Specific characteristics of the GEQO implementation in PostgreSQL are:
Usage of a steady state GA (replacement of the least fit individuals in a population, not whole-generational replacement) allows fast convergence towards improved query plans. This is essential for query handling with reasonable time;
Usage of edge recombination crossover which is especially suited to keep edge losses low for the solution of the TSP by means of a GA;
Mutation as genetic operator is deprecated so that no repair mechanisms are needed to generate legal TSP tours.

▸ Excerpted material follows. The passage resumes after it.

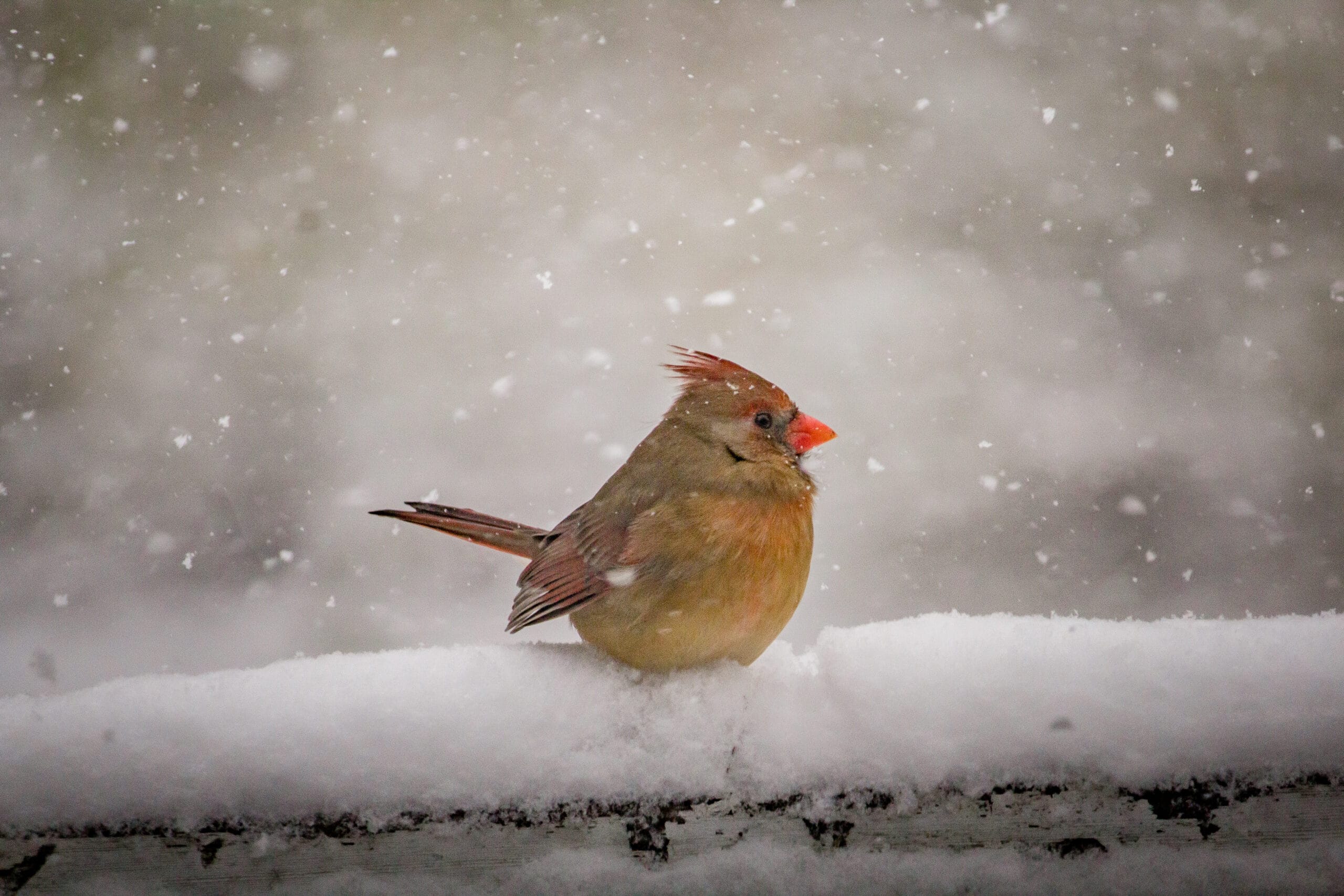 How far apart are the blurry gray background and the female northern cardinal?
7.25 ft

Parts of the GEQO module are adapted from D. Whitley's Genitor algorithm.
The GEQO module allows the PostgreSQL query optimizer to support large join queries effectively through non-exhaustive search.
The GEQO planning process uses the standard planner code to generate plans for scans of individual relations. Then join plans are developed using the genetic approach. As shown above, each candidate join plan is represented by a sequence in which to join the base relations. In the initial stage, the GEQO code simply generates some possible join sequences at random. For each join sequence considered, the standard planner code is invoked to estimate the cost of performing the query using that join sequence. (For each step of the join sequence, all three possible join strategies are considered; and all the initially-determined relation scan plans are available. The estimated cost is the cheapest of these possibilities.) Join sequences with lower estimated cost are considered "more fit" than those with higher cost. The genetic algorithm discards the least fit candidates. Then new candidates are generated by combining genes of more-fit candidates — that is, by using randomly-chosen portions of known low-cost join sequences to create new sequences for consideration. This process is repeated until a preset number of join sequences have been considered; then the best one found at any time during the search is used to generate the finished plan.
This process is inherently nondeterministic, because of the randomized choices made during both the initial population selection and subsequent "mutation" of the best candidates. Hence different plans may be selected from one run to the next, resulting in varying run time and varying output row order.
Work is still needed to improve the genetic algorithm
parameter settings. In file src/backend/optimizer/geqo/geqo_main.c,
gimme_number_generations, we have
to find a compromise for the parameter settings to satisfy two
Optimality of the query plan
In the current implementation, the fitness of each candidate join sequence is estimated by running the standard planner's join selection and cost estimation code from scratch. To the extent that different candidates use similar sub-sequences of joins, a great deal of work will be repeated. This could be made significantly faster by retaining cost estimates for sub-joins. The problem is to avoid expending unreasonable amounts of memory on retaining that state.
At a more basic level, it is not clear that solving query optimization with a GA algorithm designed for TSP is appropriate. In the TSP case, the cost associated with any substring (partial tour) is independent of the rest of the tour, but this is certainly not true for query optimization. Thus it is questionable whether edge recombination crossover is the most effective mutation procedure.